This is how Connie feels about getting another year older. =}
Besides the habit of falling, Connie has another curious habit. She says things backwards or transposed, meaning she either swiches the first letters of two words that go together, like for instance, eggs and bacon would be beggs and acon, or she says them in the wrong order like Taco Bell is always Bell Taco.
I'm not sure when this started. I don't remember her doing it as a kid. The falling I remember. The falling could be hereditery as my mom fell a lot too. But I don't ever remember Mom gettting her words mix up like Connie does, so I think this is just her own little thing. She calls it Spoonerism, though I don't really know if that's what it's called, or if it is even a word, but she insists it is and I think she was just thrilled to learn her disorder had a name. (I have learned since posting this that there is indeed something called "Spoonerism" and from the definition, it's sounds like Connie does suffer from it.=)

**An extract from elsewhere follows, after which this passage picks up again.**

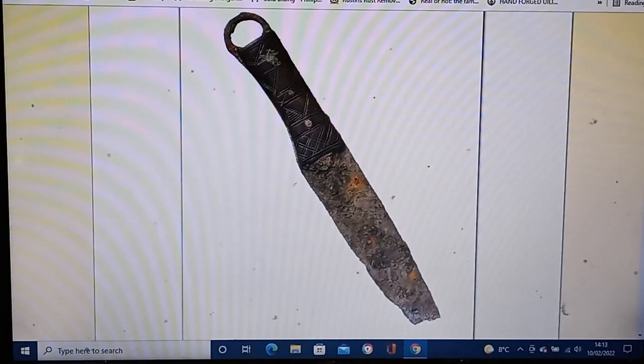In 2013, a new entrance for an underground station on the London tube network was being dug and builders came across about 10,000 Roman artifacts dating from the 40s to 400 AD.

Here are a few examples that I remember, (there have been so many, I should start writing them down). We were driving down the road and we saw a bill board advertising the new Star Wars movie. My little neice Emily, well she was little at the time, was with us and Connie says to her, "That looks scary, especially that Vath Darter." meaning, of course, Darth Vader. Emily says, "Yeah." My sister in law, who was driving, was laughing so hard we almost had an accident.
One summer we went to Colorado to visit our good friends the Neiswenders. Jane was graduating from Seminary with a degree in counseling so we were there to see her graduate. Her family gave her a party and one of her gifts was Pumba, from the movie Lion King. When Connie saw it she said, "Oh it's a wag hort!" meaning - wart hog. We all fell on the ground laughing. When we told the story to a friend, he said, "What is it supposed to be?" Connie says, "Hort Wag." I, of course, lost it.
See if you can figure out what she is trying to say in this one.One day we took a friend home from work. I work for Wycliffe, a missionary organization, and our friend was a very proper missionary girl. Connie was saying how she didn't know if we would be able to go walking that evening because I was having trouble with "splin shits".
How about this one, the other day she told me she was in a meeting and "Small Pith" was there via tela-conference. (Paul Smith)
We worked with a man named Larry Perry. Connie lived in fear of calling him Perry Larry.
One day I was watching a TV show, one of those survival shows, I think it was call, "I Shouldn't Be Alive." (I should tell them about Connie). Anyway this guy had just fallen and gotten these huge thorns in his hands.Connie came in as he was running through trees, trying to get help for his friend, pulling these throns out of his hand. Connie says, "Are those stee bings? I mean stee bings. No, I mean stee bings." Can you guess what she is trying to say? At this point I am on the ground and I don't care what she means, though I know what she is trying to say. I have developed an ability to understand her transposed talk after so many years. (It's "bee stings")
Many times after she tells our friends something, they all look at me for the translation.
She also tells jokes wrong and gets saying and slogans mixed up. She is always saying, "He'll get his up comings." "Bedside manner" is "sidebed manner". One day we were talking about Timex watches. Connie says, "Yeah, they take a beating and keep on licking." The slogan is "Takes a licking and keeps on ticking."
Life is rarely dull around here.
This made me laugh so hard I'm crying!!